The news was no better down ballot.

In Delaware County, Beth Stefanide-Miscichowski was swamped by incumbent Democrat District Attorney Jack Stollsteimer, 90,030 to 58,305. Just four years ago, Stollsteimer beat Republican Kat Copeland for the job by barely 5,000 votes.

The rest of the county’s GOP candidates fared no better. None of them breached the 58,300 vote total. The Democrats? Their vote floor was 81,604.

It’s the same story in Montgomery, Chester, and Bucks Counties. Democrats came out in droves for their candidates. Republicans? Not so much.

What can Republicans in the Philly suburbs do?

“Recruit better candidates,” Christopher Nicholas of Eagle Consulting Group told DVJournal. “Run even better campaigns. Focus much more on persuasion. Worry less — much less — about how Republicans vote, and worry more about how many of them vote.”

Conservative groups argue their candidates did better than people realize.

“[T]he margins on the courts were much closer than the Democratic advantage would suggest,” said Matt Brouillette, President & CEO of Commonwealth Partners Chamber of Entrepreneurs. “And the fact that we were as close as we were, despite being outspent nearly 2-1, demonstrates we are still the biggest swing state in the country.”

Brouillette blamed money for the losses, or at least a lack of money. “We had projected that the left would spend millions of dollars—and they did just that,” he said before mentioning that there was only a 34 percent turnout. “The latest reports show spending topped $20 million from outside of Pennsylvania.”

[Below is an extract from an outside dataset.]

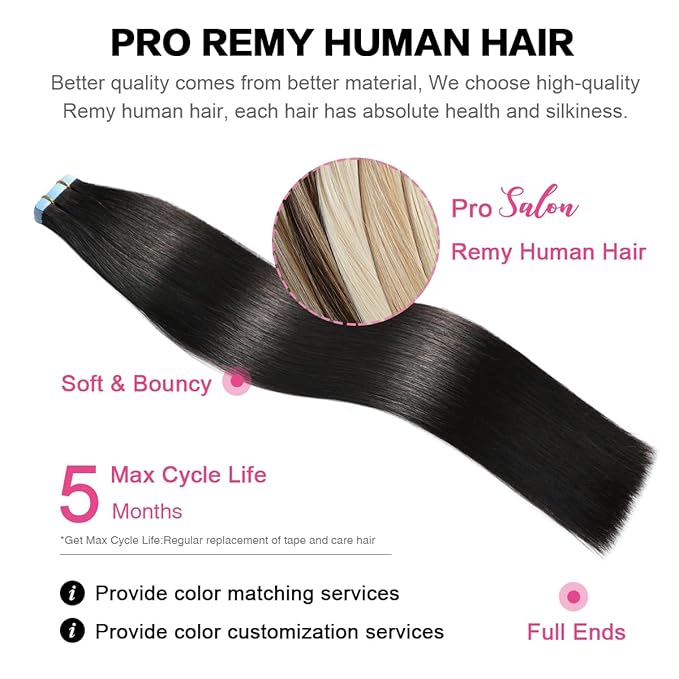 SUYYA Tape in Hair Extensions 100% Remy Human Hair 16 inches 20pcs 40g/pack Straight Seamless Skin Weft Tape Hair Extensions Natural Black(16 inches #1B Off Black)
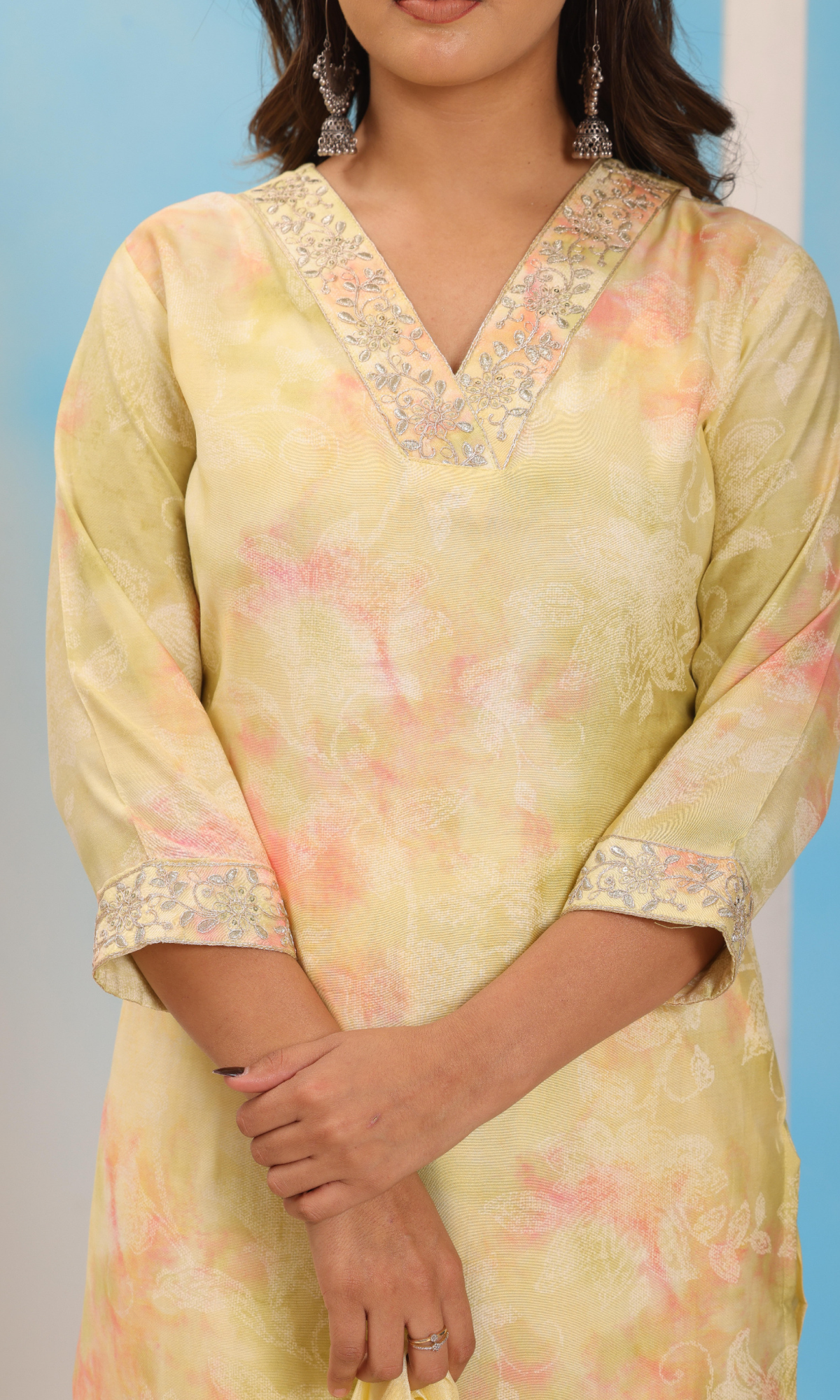 Lemon Yellow Semi Cotton Floral Printed Salwar Suit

He may have a point. Campaign finance reports show that more than $17 million was spent on the Supreme Court race alone, much of it from activist groups like the leftwing American Civil Liberties Union.

Most of the money went toward ads defining Carluccio in a negative light, particularly on abortion. Carluccio may have said that she would follow the law on abortion, but groups said she wasn’t being honest because she wasn’t willing to reveal her personal opinion.

“This motivates their base, keeps most Democrats loyal to the team, and scares most independents and soft Republicans—even if the race is for municipal government,” Guy Cirrocchi, a senior fellow with the Commonwealth Foundation, wrote in Broad + Liberty. “Democrat strategists love putting the ‘scarlet A’ on GOP candidates.”

Nicholas wants the GOP to stop appealing only to Republicans. “Focus on non-Republicans, especially in the eastern part of the state where we’re outnumbered.”

And Ciarrocchi sees some green shoots of hope for the Grand Old Party, mostly thanks to the leftward drift of the Democrats.

“The crime issue and building trades versus environmental extremists have created new opportunities for GOP growth,” he wrote. Plus, while Republicans are still getting outspent, they haven’t given up the money race. If they can stay competitive financially, it can make a difference.

“Republicans’ new-found willingness to spend money. The GOP’s growth in voter registration,” Ciarrocchi said.

Two silver linings, but the dark clouds for Republicans still loom.